Let $G$ be a simple group of order greater than $2$. Then $Z(Aut(G))$ is trivial if and only if $G$ is not Abelian.
Let $H = Z(G)$ and let $g\in G, h\in H$. Then $gh = hg$ for every $g\in G$. So $ghg^{-1} = h$ for every $g\in G$ and we have $gHg^{-1} = H$. Hence $Z(G)$ is a normal subgroup of $G$. Hence either $Z(G)$ is trivial or $Z(G) = G$.

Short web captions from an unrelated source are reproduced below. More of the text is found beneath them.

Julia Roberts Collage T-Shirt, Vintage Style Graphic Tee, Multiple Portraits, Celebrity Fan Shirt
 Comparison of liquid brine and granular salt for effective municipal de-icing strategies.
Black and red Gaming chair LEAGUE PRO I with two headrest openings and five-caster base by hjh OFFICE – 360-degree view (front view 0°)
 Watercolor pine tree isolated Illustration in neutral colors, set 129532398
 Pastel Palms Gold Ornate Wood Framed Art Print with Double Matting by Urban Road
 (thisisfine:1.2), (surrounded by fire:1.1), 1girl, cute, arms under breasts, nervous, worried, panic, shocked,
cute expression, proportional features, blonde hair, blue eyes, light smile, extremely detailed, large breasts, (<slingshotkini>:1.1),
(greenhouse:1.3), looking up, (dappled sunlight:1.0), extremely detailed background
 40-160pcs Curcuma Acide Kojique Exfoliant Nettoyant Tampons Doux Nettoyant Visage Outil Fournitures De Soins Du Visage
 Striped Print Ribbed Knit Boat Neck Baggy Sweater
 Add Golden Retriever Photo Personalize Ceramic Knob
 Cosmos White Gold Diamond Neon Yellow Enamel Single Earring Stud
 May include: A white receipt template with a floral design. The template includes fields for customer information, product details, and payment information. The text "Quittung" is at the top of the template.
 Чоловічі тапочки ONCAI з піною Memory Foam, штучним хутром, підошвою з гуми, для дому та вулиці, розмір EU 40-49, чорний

Ok now we're in business potentially.
Because now we can suppose that $G$ is not Abelian, in which case $Z(G)$ is trivial and let $\sigma\in Z(Aut(G))$. We have $Inn(G) \cong G/Z(G)\cong G$ in this case, i.e. the group conjugations of $G$ (as a subgroup of the automorphism group of $G$) is isomorphic to $G$ itself. Then for every $x,y\in G$ we have $\sigma(xyx^{-1}) = x\sigma(y)x^{-1} = \sigma(x)\sigma(y)\sigma(x)^{-1}$ so that conjugation by $x$ and conjugation by $\sigma(x)$ are the same. Hence then $x = \sigma(x)$, because the map from $G$ to conjugations is injective. Thus $\sigma$ is the identity map and $Z(Aut(G))$ is trivial.
My problem is the other direction. How do I show that $G$ is not Abelian if $Z(Aut(G))$ is trivial?